De alma em banho-maria...

Ontem ao serão, assisti a um debate que me deixou intrigada. Parece-me que a ideia é provocar alguma sede na audiência por uma revisitação do passado, mesmo desse passado a que ainda chamamos presente. E fiquei intrigada porque, subitamente, parecia que estava a comentar-se qualquer outra coisa que não um programa de entretenimento televisivo, por um lado, e, por outro, porque, ainda que com um painel pouco vulgar de convidados, foi visível o quanto ainda nos falta reconciliar com a nossa memória colectiva e o quanto tudo nos serve (porque provavelmente ainda tudo nos dói) para arejar as mesmas feridas. Hoje, li estas coisas extraordinárias que aqui seguem:
«George W. Bush está preocupado com a situação no Iraque.
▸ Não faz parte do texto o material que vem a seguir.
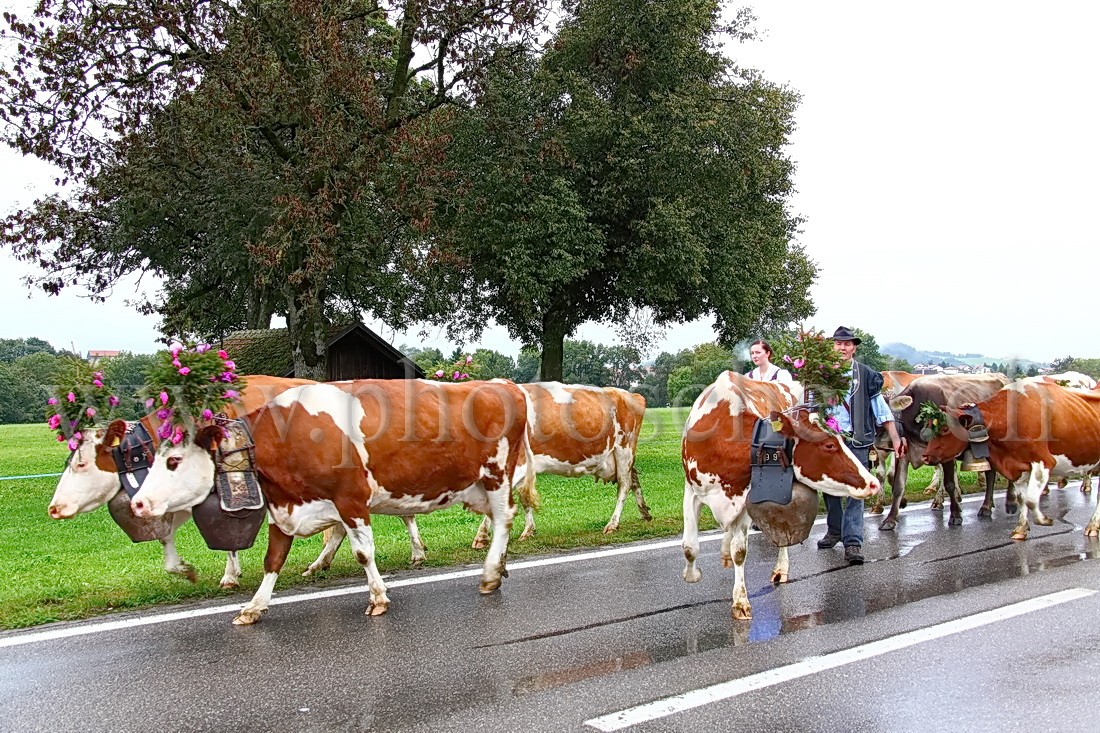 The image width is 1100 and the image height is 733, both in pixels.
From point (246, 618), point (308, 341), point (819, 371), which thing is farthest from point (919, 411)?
point (308, 341)

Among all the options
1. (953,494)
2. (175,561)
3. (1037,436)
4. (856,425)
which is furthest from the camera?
(953,494)

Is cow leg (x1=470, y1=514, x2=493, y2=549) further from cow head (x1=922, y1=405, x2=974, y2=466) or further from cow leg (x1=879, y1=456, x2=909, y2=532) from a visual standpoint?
cow head (x1=922, y1=405, x2=974, y2=466)

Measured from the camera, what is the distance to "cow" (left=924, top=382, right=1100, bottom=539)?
10.5 meters

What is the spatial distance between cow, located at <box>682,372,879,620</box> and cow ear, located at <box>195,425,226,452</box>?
3830mm

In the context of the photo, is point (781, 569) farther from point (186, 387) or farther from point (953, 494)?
point (186, 387)

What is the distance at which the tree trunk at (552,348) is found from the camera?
23812 millimetres

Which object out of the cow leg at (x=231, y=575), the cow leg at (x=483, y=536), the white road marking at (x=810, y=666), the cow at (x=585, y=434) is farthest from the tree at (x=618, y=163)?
the white road marking at (x=810, y=666)

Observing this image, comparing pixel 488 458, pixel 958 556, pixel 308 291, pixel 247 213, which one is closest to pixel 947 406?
pixel 958 556

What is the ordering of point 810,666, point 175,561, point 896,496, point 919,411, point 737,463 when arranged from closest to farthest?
point 810,666, point 737,463, point 175,561, point 896,496, point 919,411

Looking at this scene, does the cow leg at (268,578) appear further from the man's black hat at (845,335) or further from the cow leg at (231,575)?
the man's black hat at (845,335)

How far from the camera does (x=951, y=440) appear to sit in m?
11.3

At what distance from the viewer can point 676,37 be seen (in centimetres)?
2073

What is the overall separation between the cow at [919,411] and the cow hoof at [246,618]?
7726mm

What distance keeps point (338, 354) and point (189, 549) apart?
16937mm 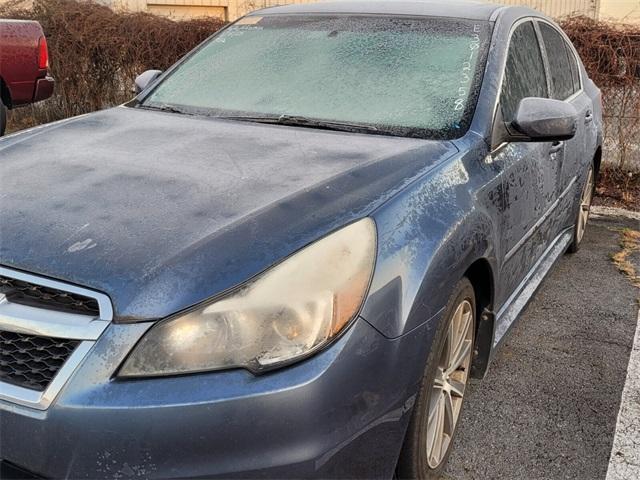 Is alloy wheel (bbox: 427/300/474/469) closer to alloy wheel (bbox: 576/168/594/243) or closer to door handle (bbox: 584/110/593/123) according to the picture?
door handle (bbox: 584/110/593/123)

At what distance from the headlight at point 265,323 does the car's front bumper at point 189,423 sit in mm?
33

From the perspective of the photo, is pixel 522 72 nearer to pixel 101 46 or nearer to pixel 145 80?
pixel 145 80

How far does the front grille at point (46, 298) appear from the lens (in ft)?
5.47

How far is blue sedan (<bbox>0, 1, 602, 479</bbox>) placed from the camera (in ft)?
5.18

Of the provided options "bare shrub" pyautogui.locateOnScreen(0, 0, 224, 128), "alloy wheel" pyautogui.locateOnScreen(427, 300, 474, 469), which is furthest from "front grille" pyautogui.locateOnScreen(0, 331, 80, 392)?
"bare shrub" pyautogui.locateOnScreen(0, 0, 224, 128)

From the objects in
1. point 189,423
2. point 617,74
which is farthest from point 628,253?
point 189,423

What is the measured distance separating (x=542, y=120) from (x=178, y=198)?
1.46 m

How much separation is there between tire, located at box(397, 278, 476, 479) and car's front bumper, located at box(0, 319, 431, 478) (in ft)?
1.28

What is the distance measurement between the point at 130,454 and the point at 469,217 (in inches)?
50.6

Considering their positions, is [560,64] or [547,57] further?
[560,64]

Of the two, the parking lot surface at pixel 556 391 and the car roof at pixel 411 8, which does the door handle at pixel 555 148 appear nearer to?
the car roof at pixel 411 8

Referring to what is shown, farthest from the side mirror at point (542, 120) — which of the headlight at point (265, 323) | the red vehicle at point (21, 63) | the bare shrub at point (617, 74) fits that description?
the red vehicle at point (21, 63)

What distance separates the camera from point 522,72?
10.6 feet

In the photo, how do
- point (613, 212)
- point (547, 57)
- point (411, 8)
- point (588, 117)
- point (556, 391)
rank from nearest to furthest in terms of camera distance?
1. point (556, 391)
2. point (411, 8)
3. point (547, 57)
4. point (588, 117)
5. point (613, 212) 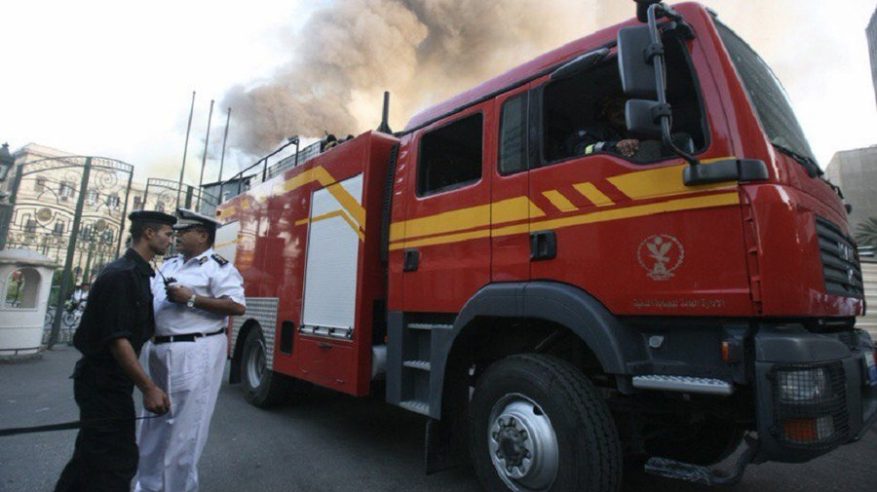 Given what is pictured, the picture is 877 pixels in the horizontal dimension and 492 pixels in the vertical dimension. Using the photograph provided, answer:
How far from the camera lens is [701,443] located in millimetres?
3172

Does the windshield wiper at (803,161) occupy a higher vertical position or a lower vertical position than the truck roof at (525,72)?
lower

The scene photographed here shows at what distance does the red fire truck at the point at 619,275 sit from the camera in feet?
6.59

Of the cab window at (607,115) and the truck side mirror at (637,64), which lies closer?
the truck side mirror at (637,64)

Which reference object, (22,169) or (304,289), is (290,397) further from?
(22,169)

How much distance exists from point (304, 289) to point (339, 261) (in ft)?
2.41

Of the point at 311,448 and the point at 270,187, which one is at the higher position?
the point at 270,187

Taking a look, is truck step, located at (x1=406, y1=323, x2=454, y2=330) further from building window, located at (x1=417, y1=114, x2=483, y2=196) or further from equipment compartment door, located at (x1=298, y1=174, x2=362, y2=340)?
building window, located at (x1=417, y1=114, x2=483, y2=196)

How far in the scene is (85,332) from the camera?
2.41 metres

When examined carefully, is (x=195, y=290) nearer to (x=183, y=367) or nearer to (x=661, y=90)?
(x=183, y=367)

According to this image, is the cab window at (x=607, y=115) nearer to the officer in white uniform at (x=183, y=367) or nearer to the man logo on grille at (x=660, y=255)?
the man logo on grille at (x=660, y=255)

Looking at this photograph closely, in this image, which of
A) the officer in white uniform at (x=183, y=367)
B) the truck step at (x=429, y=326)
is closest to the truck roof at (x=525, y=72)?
the truck step at (x=429, y=326)

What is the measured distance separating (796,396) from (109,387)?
3.14m

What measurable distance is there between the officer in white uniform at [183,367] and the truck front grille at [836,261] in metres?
3.24

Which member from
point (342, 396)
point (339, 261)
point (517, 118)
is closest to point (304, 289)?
point (339, 261) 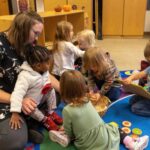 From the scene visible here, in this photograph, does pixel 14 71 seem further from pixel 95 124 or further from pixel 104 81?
pixel 104 81

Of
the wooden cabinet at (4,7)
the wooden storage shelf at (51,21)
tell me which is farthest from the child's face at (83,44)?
the wooden cabinet at (4,7)

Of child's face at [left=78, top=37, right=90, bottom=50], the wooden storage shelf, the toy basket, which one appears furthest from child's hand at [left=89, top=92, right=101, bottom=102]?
the wooden storage shelf

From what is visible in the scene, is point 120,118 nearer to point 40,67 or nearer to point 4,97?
point 40,67

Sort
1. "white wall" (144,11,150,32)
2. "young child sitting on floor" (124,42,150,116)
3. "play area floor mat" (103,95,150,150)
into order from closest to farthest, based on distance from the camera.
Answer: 1. "play area floor mat" (103,95,150,150)
2. "young child sitting on floor" (124,42,150,116)
3. "white wall" (144,11,150,32)

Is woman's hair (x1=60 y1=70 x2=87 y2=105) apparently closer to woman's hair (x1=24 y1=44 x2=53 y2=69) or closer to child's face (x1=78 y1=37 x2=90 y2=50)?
woman's hair (x1=24 y1=44 x2=53 y2=69)

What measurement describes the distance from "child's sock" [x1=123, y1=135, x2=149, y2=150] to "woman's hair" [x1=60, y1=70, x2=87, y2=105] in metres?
0.37

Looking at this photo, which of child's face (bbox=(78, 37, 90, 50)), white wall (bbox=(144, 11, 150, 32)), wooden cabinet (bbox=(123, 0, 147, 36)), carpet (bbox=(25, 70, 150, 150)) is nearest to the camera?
carpet (bbox=(25, 70, 150, 150))

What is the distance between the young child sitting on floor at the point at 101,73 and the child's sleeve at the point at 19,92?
46 cm

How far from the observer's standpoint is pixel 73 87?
1.08 meters

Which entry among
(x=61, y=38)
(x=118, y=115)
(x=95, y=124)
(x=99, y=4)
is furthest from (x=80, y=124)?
(x=99, y=4)

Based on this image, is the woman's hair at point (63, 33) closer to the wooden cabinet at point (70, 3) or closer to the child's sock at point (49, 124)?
the child's sock at point (49, 124)

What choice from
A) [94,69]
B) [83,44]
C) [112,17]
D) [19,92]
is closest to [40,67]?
[19,92]

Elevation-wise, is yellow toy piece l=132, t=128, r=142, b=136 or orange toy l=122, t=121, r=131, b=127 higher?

O presidente dos Estados Unidos admitiu esta quarta-feira, numa sombria análise da guerra no Iraque, que os EUA sofrem pesadas baixas, declarando-se consciente de que «muitos americanos não estão satisfeitos com a situação no Iraque» - Google News, TVI e mais uma longa série.
«[Augusto Moreira, vice-presidente da Associação de Familiares das Vítimas da Tragédia de Entre-os-Rios] quer saber junto de advogados se é possível responsabilizar o Ministério das Obras Públicas por não ter criado as regras e ainda por ter ignorado os alertas emitidos desde 1991. Moreira pretende ainda indagar sobre a responsabilidade do Ministério do Ambiente pela fiscalização da extracção de areias.» - Primeiro de Janeiro
Decididamente, vou pôr a alma em banho-maria e dar um passeio pelo loch...

20061024

Luminosas janelas - foscos céus

Dando-me uns gostos, andei por aí a debruçar-me pelas janelas da Ali_se, das Ideias Soltas, do Dragoscópio, das Divas e Contrabaixos. Apreciei, pelas janelas do loch, estes céus metalizados e foscos de um outono mal- encantado e tive saudades dos bons cheiros a terra depois da chuva. Lembrei-me do avermelhadas que ficam as paisagens do gharb. (Upppsss... como um safanão nos pensamentos, oiço este sino de harmonia profundamente duvidosa que, todos os dias a esta hora e durante três minutos e meio, me enreteza os nervos como unha a riscar ardósia numa verdadeira ostentação de sei lá que mensagens. Ah que até me dá saudades das velhas e simples badaladas dos sinos de aldeia, a mim que nem sequer aprecio essa vaidade de passar o tempo a marcá-lo.) Mas, a propósito do que vou vendo das minhas janelas e pelo que vi das janelas da vizinhança, falava eu dos céus foscos, dos metais mates, das questões que se tornam falsas questões ou porque Aquiles ficou reduzido a um calcanhar e a um tendão, ou porque só servem para criar tendões e ocultar calcanhares aos que não são Aquiles. E, subitamente, neste imenso cenário descolorado e neutro, as sombras chinezas vão esquissando umas que outras aparências, criando, como lhes é inerente, ilusões de substância e de probidade.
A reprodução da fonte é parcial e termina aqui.